Please return the listing below word for word, minus its pictures.

§ Material for this task:
__________
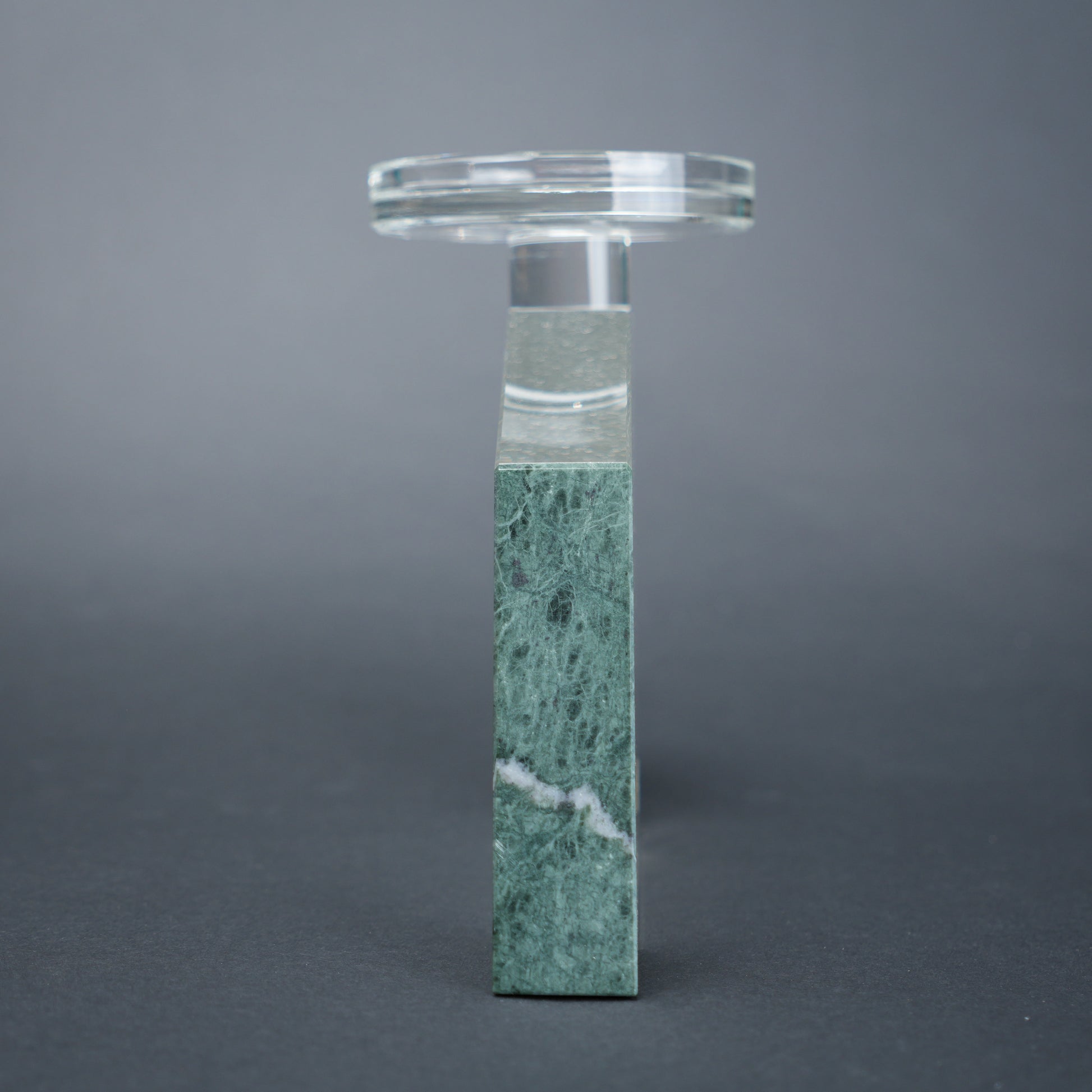 geometric candle holder green marble base modern
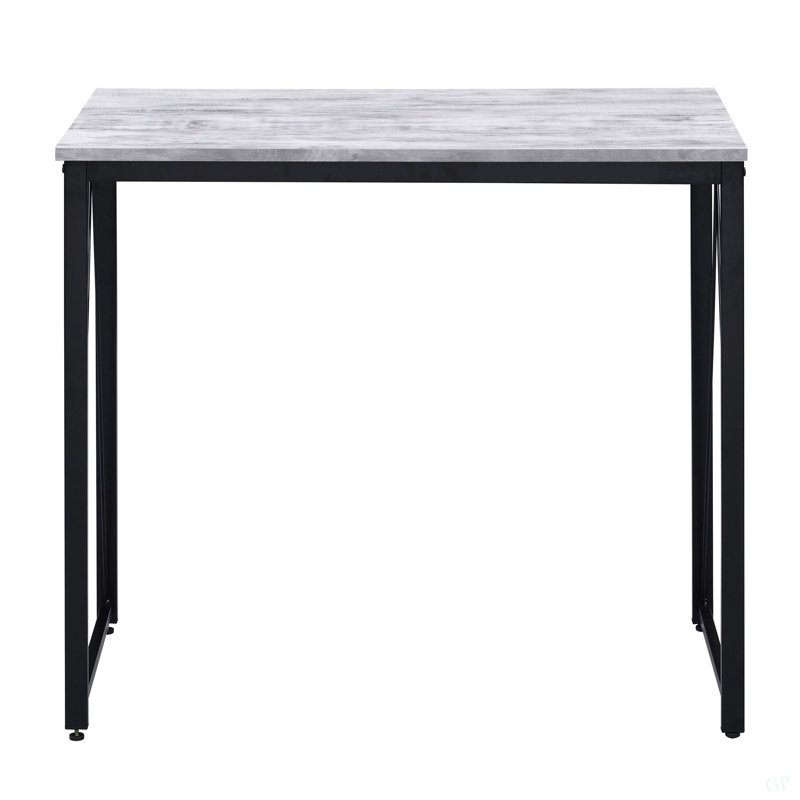 Bureau d'écriture antique blanc et noir 35,5 "avec base en métal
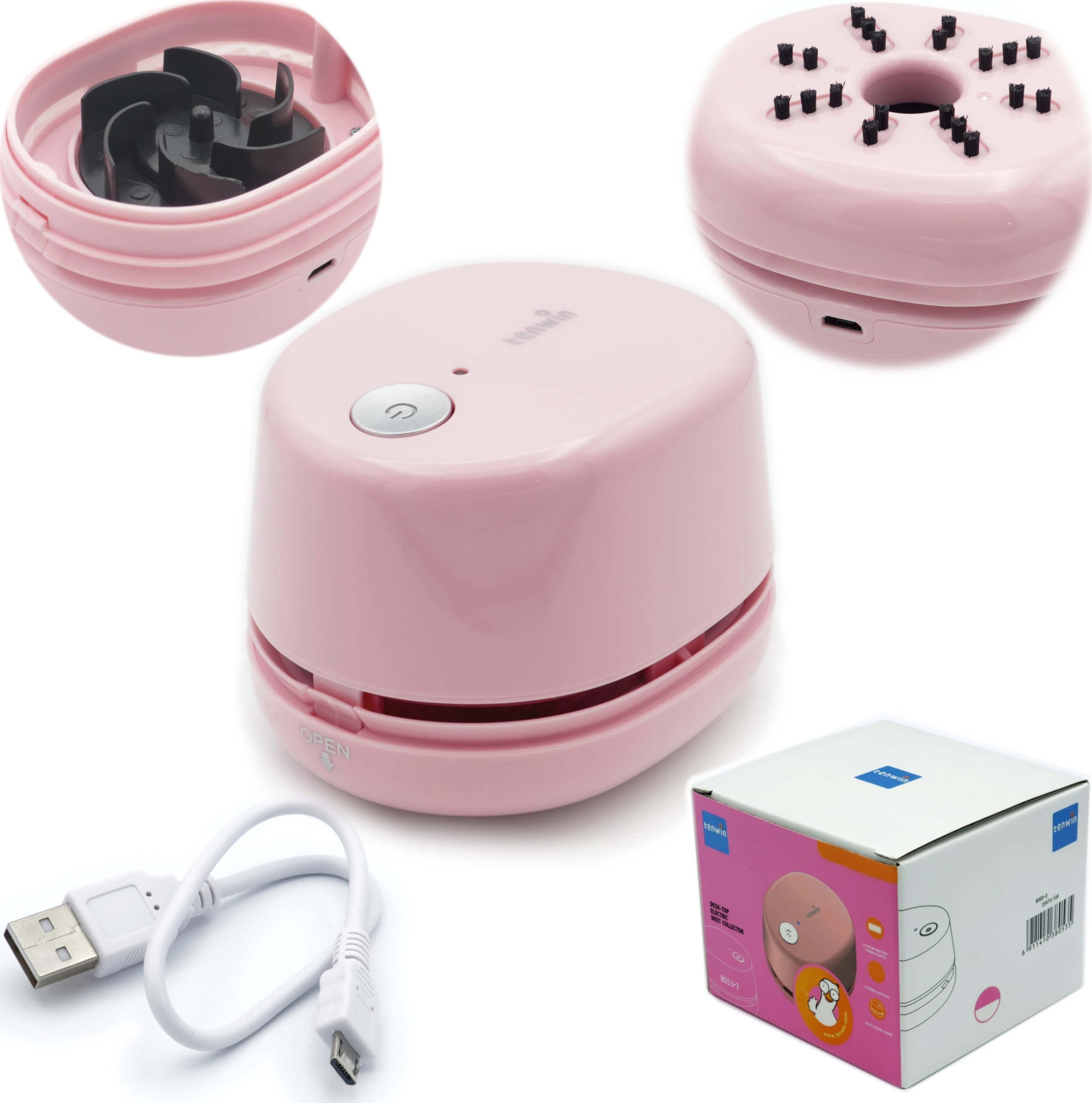 Tenwin Mini odkurzacz ręczny elektryczny biurkowy bezprzewodowy 600mAh USB TENWIN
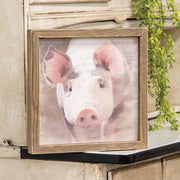 Pig Portrait Framed Print - Wood Frame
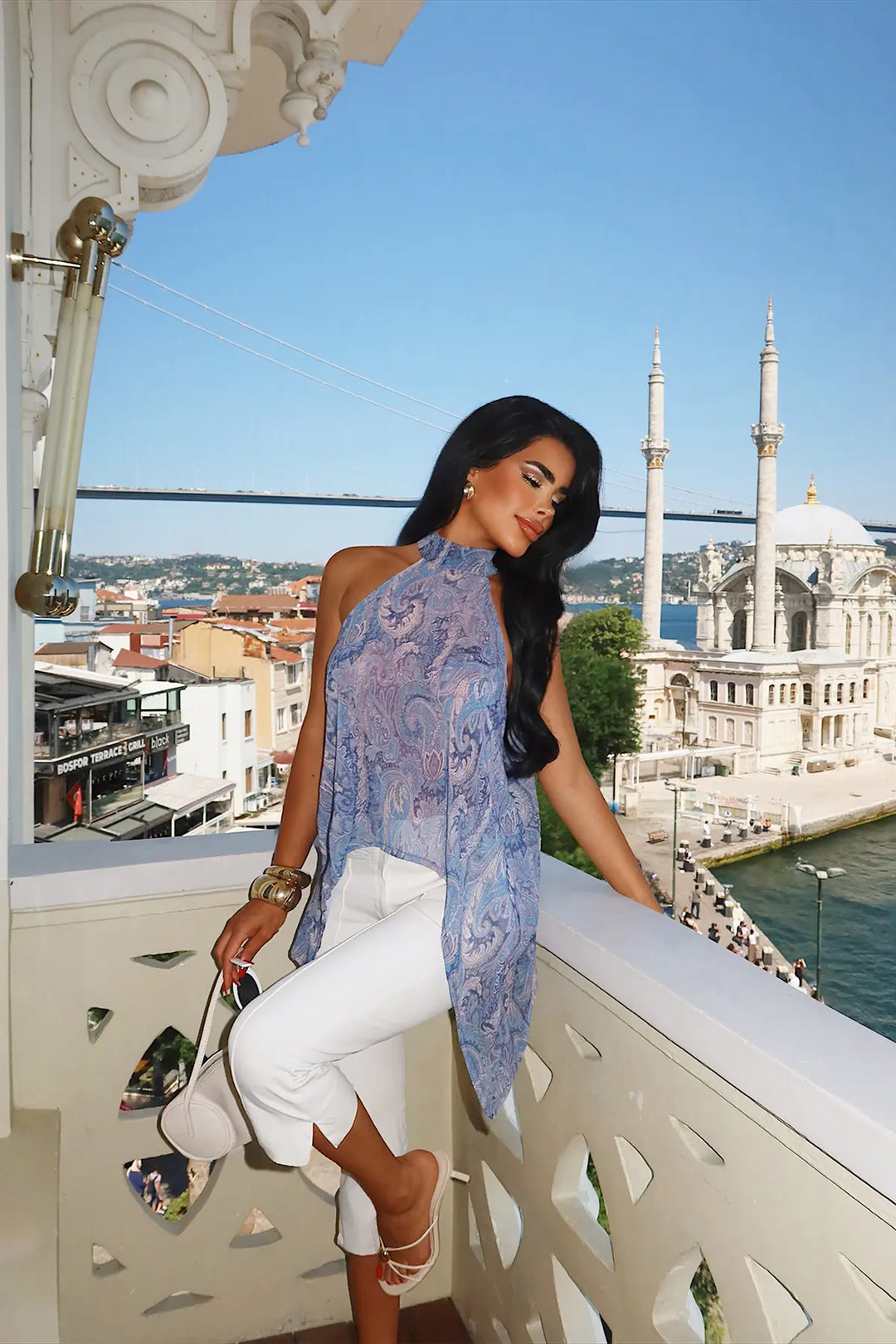 EYY Women Blue Ethnic Pattern Blouse - Bottrop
__________
§ Solution:
 geometric candle holder green marble base modern
 Bureau d'écriture antique blanc et noir 35,5 "avec base en métal
 Tenwin Mini odkurzacz ręczny elektryczny biurkowy bezprzewodowy 600mAh USB TENWIN
 Pig Portrait Framed Print - Wood Frame
 EYY Women Blue Ethnic Pattern Blouse - Bottrop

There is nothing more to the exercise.